Anyway, there are lots of places to eat all around Portland.  However, unlike Negril where restaurants and cookshops are easily found on strips, Portland eateries are spread out.  So you scope out what’s around you when you’re out.  For example if you go to Winnifred, I recommend Cynthia’s.  Go there as soon as you get to the beach to order your lunch a head of time.  Let them know when you will be back.  

When in town, I go to Piggy’s at the point in the road for that juicy jerk chicken or a large soup & festival.  Or on the Marina where there’s Bikini Beach bar & grille that has pretty good hamburgers and the people who work there are wonderfully sweet.

 I also say stroll the craft market in Port Antonio on the seaside in the evenings.  The two restaurants, food at both is really good, are open daily, but you can find a lively crowd at night.  One sells mostly local cuisine, while the other specializes in pizza.  The set-up is really nice.  I love the folks that run the bar back there.  

Boston Beach got a nice facelift which includes a restaurant & bar.  I haven’t tried that place yet but I have it on my list.

Woody’s is a not to miss place.  The folks that run that place are gems and the food is always fresh and delicious.

Scotch Bonnet in the Match Resort Hotel has excellent food…breakfast, lunch and dinner. When I was there, they had two chefs.  Michael does dinners and I tell you his seafood pasta was fantastic.  I never had a bad meal there.

----------


## *vi*

541lion, there are a number of smaller cookshops I frequent, but unfortunately I can’t tell you how to find them because it’s usually at night, and post happy hour, when I go.  

When are you going back?? I’m asking because if I go before you, I’ll take pictures of the different places I eat at and their menus/prices to post.

----------


## 541lion

When you say craft market are you talking about the new one along the beach I saw in your report?
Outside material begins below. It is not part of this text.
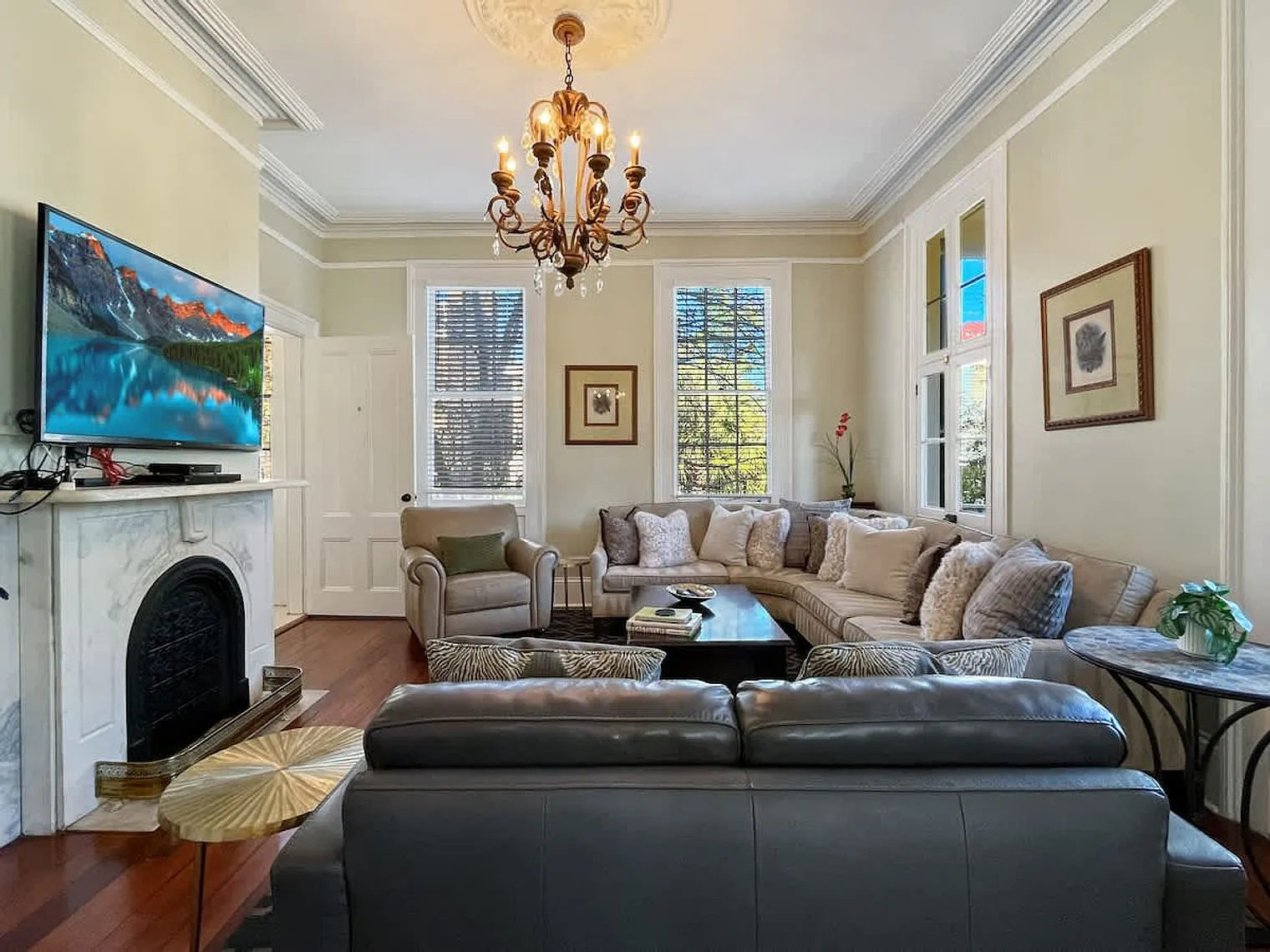 4 bed, 5.0 bath, $14,039 — Photo 1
It wasn't there when I was last time.. Stoked to check it out! Seems less claustrophobic than the market market! Woodys is high on my list! Those buns look amazing!! 

Iam headed back April 8th for my honeymoon!

----------


## *vi*

Honeymoon…sweet!  Now I recall you writing so passionately about meeting the woman of your dreams, getting married and bringing your bride to Jamaica.  I wish you all the best!  I’m still deciding on two dates, but it looks like I will be back before you go so I’ll collect some info for you.
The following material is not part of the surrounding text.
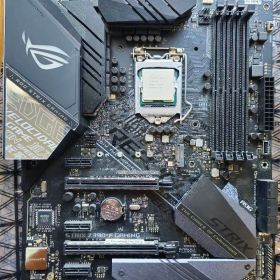 ASUS ROG STRIX Z390-F GAMING！i7-9700K付き！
Yes, the six or seven little shops along the beachside with the little play area at one end.  If you go, and I hope you do, you won’t be approached by the vendors.  The management restricts them from calling people to their shops.  You can stroll through at your leisure and buy only when and what you want.  A wonderful woodcarver name Rock Bottom is set up there.  He’s a sweetheart and very talented.  Do visit him and check out his wares.

----------


## 541lion

I visited his shop when he was over at the big market.. Nice stuff for sure!
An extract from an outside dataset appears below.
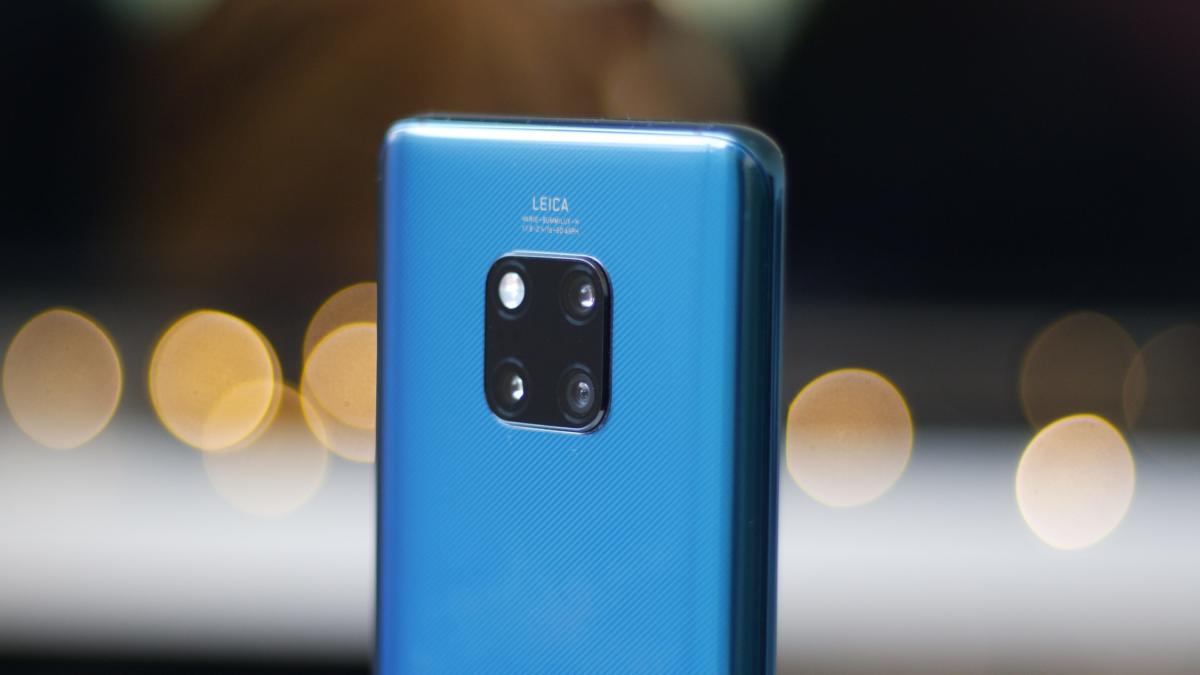 Selepas Samsung, Huawei Pula ‘Kantoi’ Mengiklankan Produk Menggunakan iPhone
Yes any info would be greatly appreciated! Mostly interested in those cheap box meals! Eating for under 5$ is where it's at!! More money for rum and ganja lol..

----------


## TAH

Ahh. You know what I'm missing? Like, really, sincerely missing? Every time I read the board I have to check the PA forum, just in case... you know. 
*makes eyes at miss vi*

----------


## jojo p

> Ahh. You know what I'm missing? Like, really, sincerely missing? Every time I read the board I have to check the PA forum, just in case... you know. 
> *makes eyes at miss vi*


Ditto !!!

----------


## *vi*

> *makes eyes at miss vi*


You two crack me up!!!  I promise you both, I'm almost ready to post the final installment....SOON!!  LOL

----------


## 541lion

When's your next reach vi ? I am ready for your next adventure lol

----------


## *vi*

I'm ready too!!!!!!!!!!!!!!!!!  Soon, *541lion*.  I'm hoping to get vacation time off for late March approved tonight and then the shopping and planning will begin.  In the meantime, I'm going to start posting videos from past trips AND finish the last report..."snicker".

----------


## irie always

Cliff Hangers Restaurant - I will post rip report and pictures - soon - vey nice place - not cheap but the view and ambiance is super!

I believe they also have rentals available.



We stayed at Bay View Eco Resort - you could always visit there and have dinner and check out the property

----------


## Odinson

We ate (and stayed) at Geejam (great dinner and drinks), had a great lunch at Cliffhanger (officially my favorite bar layout in the world), nice burgers and some chill pingpong at Woody's and an awesome dinner at Soldier Camp.  Highly recommend all four places.  Boston Jerk center was OK but a little dry (as I said in a previous comment, this is apparently the East Coast way).

Incidentally, did not see a single mosquito in Port Antonio over 4 days last week- only saw 3 (killed them all) in Negril - only one of those sampled my blood - 48 hours and still zika free!

----------